Mount of Olives – Israel

The Mount of Olives holds a special place in Scripture. For it is here that the Lord Jesus Christ’s feet will set down at His Second Coming.  This is the location where history will meet its culmination!

The Mount of Olives is separated from Mount Moriah (i.e., the Temple Mount) by the
Kidron Valley (a.k.a., the Valley of Jehoshaphat). This limestone ridge stretches
nearly 2 miles from north to south and makes up eastern Jerusalem.

Historical Significance

The abundance of olive groves here in the past explains the origin of the mountain’s name. The heavy number of trees and predominance of the Garden of Gethsemane lend themselves to the beauty of the area.

It is such a good spot to take in the city that Roman commander Titus set his headquarters up on Olivet’s northern ridge. He called it “Mount Scopus” (or “Lookout Hill”) due to the view it provided. It reaches a height of nearly 2,700 feet and has three peaks. The 10th Legion of Rome made camp here during its seige of 70AD.  Roman catapults situated here, hurled heavy stones and fiery material into the city during its seige.

Scriptural Significance

The Mount of Olives is connected with some dramatic events in the Old Testament:

  • When Absalom rebelled, David fled by way of this mount (II Samuel 15: 30)
  • Solomon built altars to the gods of his wives here (I Kings 11: 7 – 8)
  • Due to its idols, Josiah called it the Mount of Corruption (II Kings 23: 13)
  • Shortly before Jerusalem’s destruction, Ezekiel saw the glory of the Lord depart the Temple and move out over this mountain (Ezekiel 11: 23)
  • Scripture makes it clear that one day the Shekinah Glory will return to the Temple by way of the east (Ezekiel 43: 2)
  • Zechariah sees a vision where the Lord Himself descends and sets His feet on the Mount of Olives as the age draws to its conclusion (Zechariah 14: 4).  An earthquake splitting the Mount in two immediately follows.

Note: Some believe biblical ‘Nob’ was found somewhere on the ridge (see Isaiah 10: 32).  If that is correct, David escaped through here and obtained the holy bread and Goliath’s sword from Ahimelech while under pursuit by Saul (I Samuel 21 and 22).
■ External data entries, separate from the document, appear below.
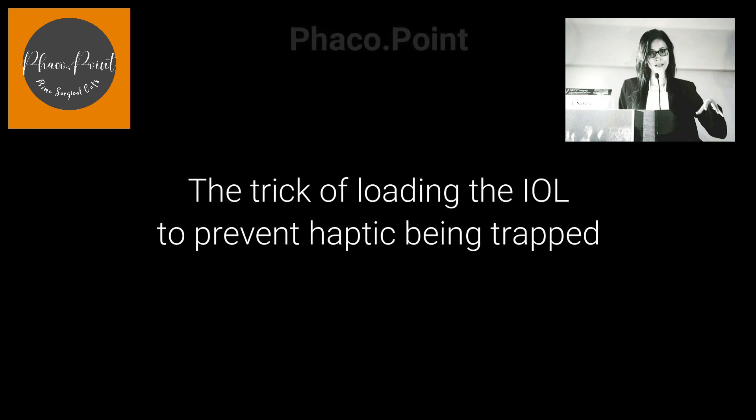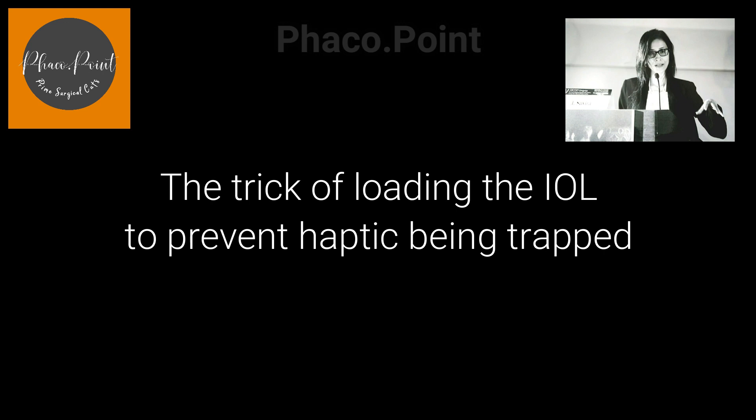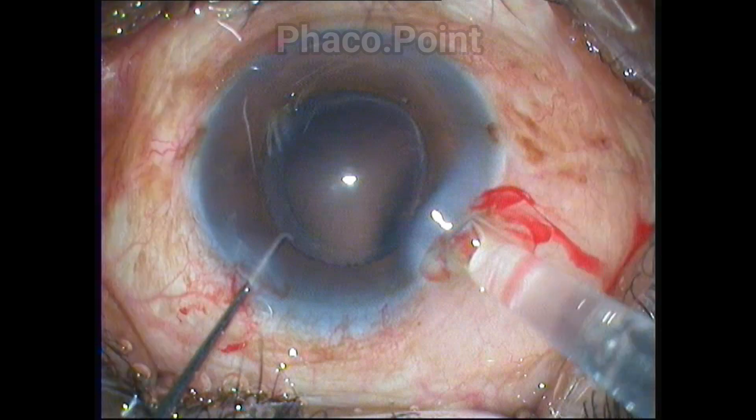It is not uncommon to find a broken haptic while inserting the IOL into the eye. This video will depict a very simple trick that helps you consistently achieve an optimal end result — that is, the entire IOL being inserted into the eye without any broken haptics. Let's look at what happens in the following video.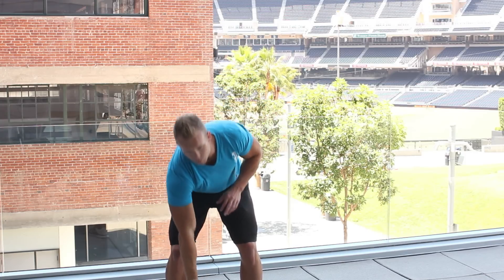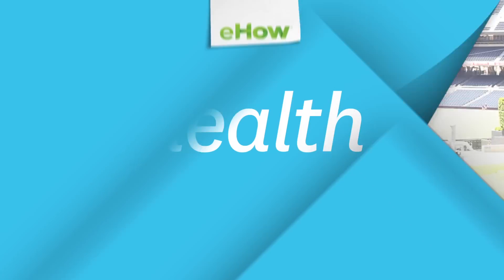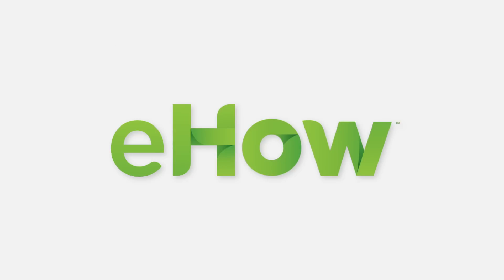Those two I would say should be your core foundational ones with the kettlebell for the back. I hope that really helps. Again, this is Taylor Robbins with TaylorRobbinsFitness.com. Thanks for having me.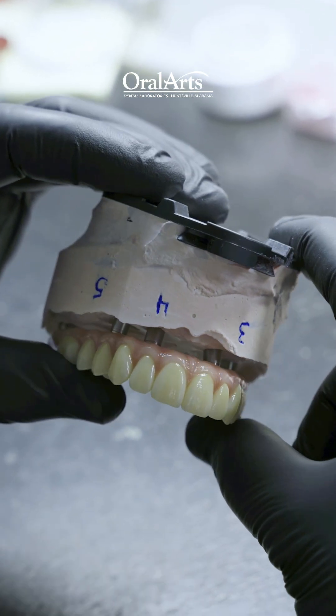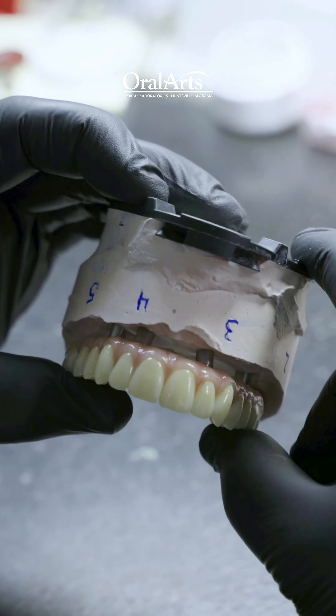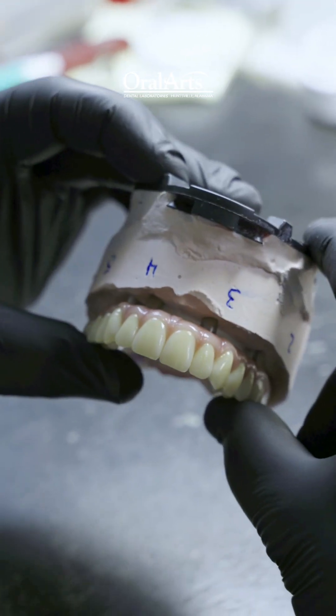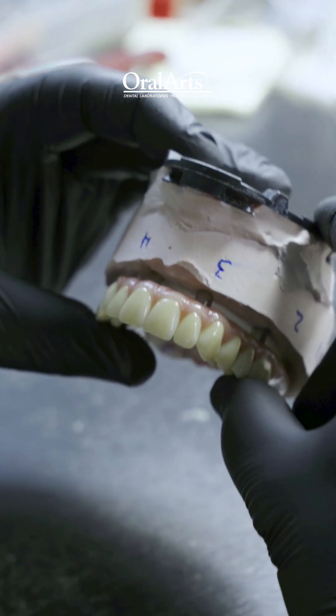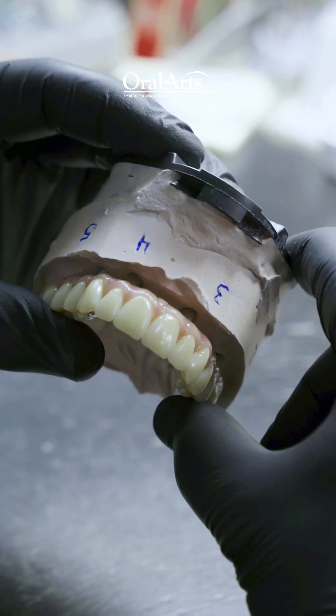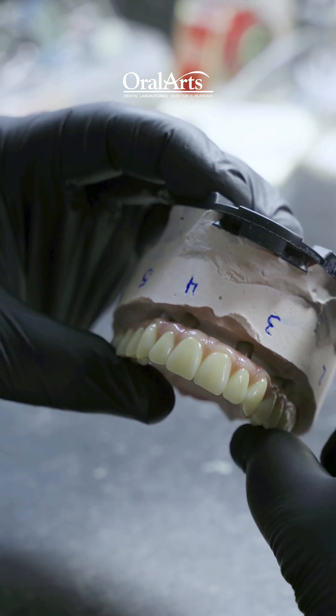This can be screwed down and worn as a restoration for this patient for years and years to come, enhancing their general oral aesthetics. Beautiful smile, beautiful utility out of this — they'll be able to eat steaks and whatever their hearts desire.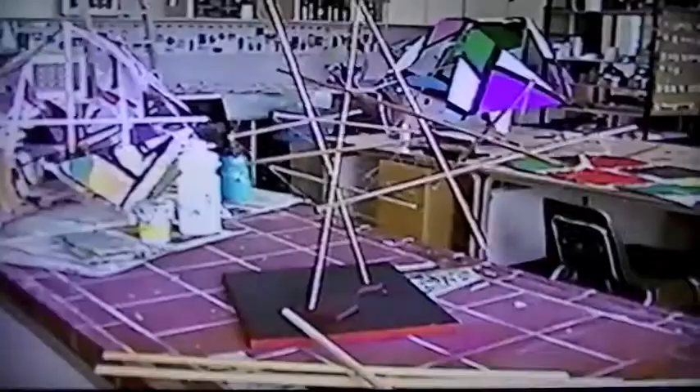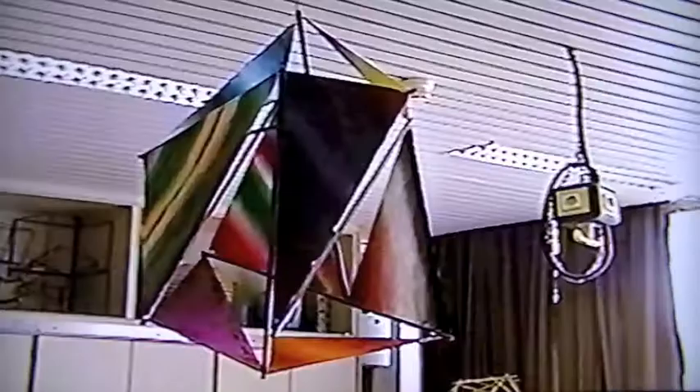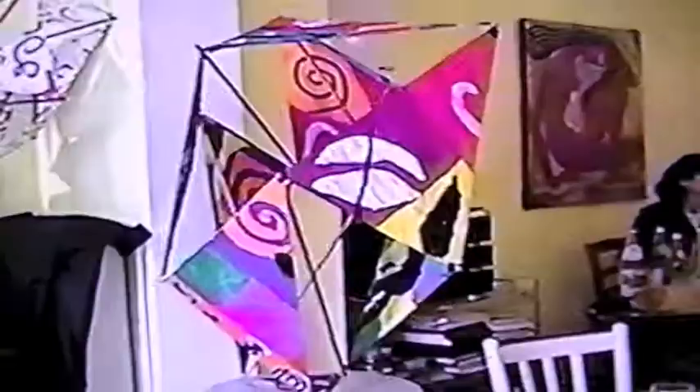It is 2001 and I decided to videotape these tensegrities because photographs really don't do them justice. As you move around them, the shape and the sense of what they are completely changes. So Matisse comes off really well, doesn't it?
For thousands of years, Jews having been burying their dead on the mountain. This seems to be directly related to Zechariah’s prophecy. Estimates range from 70,000 to 150,000 graves are found here. Sadly, the Jordanians desecrated many of these graves during their occupation of eastern Jerusalem from 1948 through 1967.  Gravestones were used for the construction of roads, buildings, and even lavatories. Israel tried to restore many of these after the Six day War of 1967.